Sunday, December 11, 2011

Pot: The Other White Meat

Hemp is native to Kentucky. It grows wild everywhere - farmers find it in fence rows all the time. For more than a century, it was Kentucky's biggest cash crop in its number one industry.

So no surprise its intoxicating cousin has become the income substitute of choice during hard times in Appalachia

Roger Alford of AP:

Appalachian states have seen an increase in marijuana production, and a federal drug official said Thursday that a sour economy may have turned some people in need of cash to the clandestine crop.

Ed Shemelya, head of marijuana eradication for the Office of National Drug Control Policy's efforts in Appalachia, said helicopter spotters and ground crews found and cut more than 1.1 million plants worth some $2 billion in Kentucky, Tennessee and West Virginia during the 2011 growing season.
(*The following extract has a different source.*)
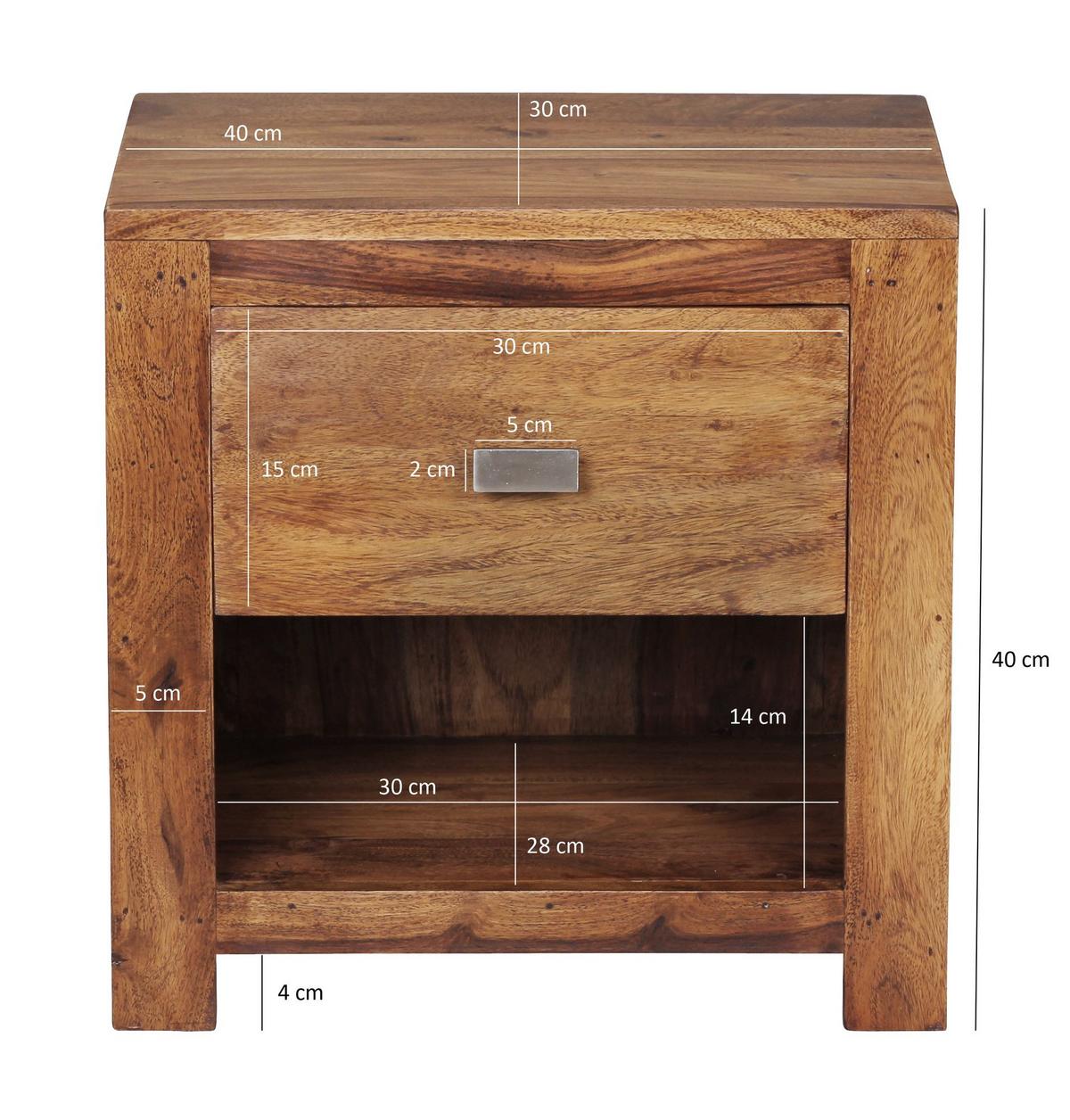 NACHTTISCH – Massivholz, 40x40x30 cm, Schublade & Ablage, Landhausstil - Braun, Holz (40/40/30cm) - KADIMA DESIGN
That was an increase of more than 100,000 plants over 2010.

They confiscated 385,000 plants in Kentucky alone, and I call bullshit on the DEA's claim to have grabbed half the crop. A tenth maybe. Those roadless mountain forests hide a lot of pot.

Marijuana growers in Appalachia, Shemelya said, can be hard-core criminals or hard-luck entrepreneurs supplementing their income. Most of the crops that authorities find in the region are less than 100 plants, which can easily be tended by a single grower.

SNIP

Authorities say stricter border controls have made it more difficult to import pot from Mexico. They say that has pushed up demand for domestically grown marijuana at a time when law enforcement authorities are being pinched by budget cuts.

The day the DEA stops pretending hemp is pot, the pot crop in Kentucky will drop down to nothing, because hemp will instantly become a bigger cash crop than tobacco ever was.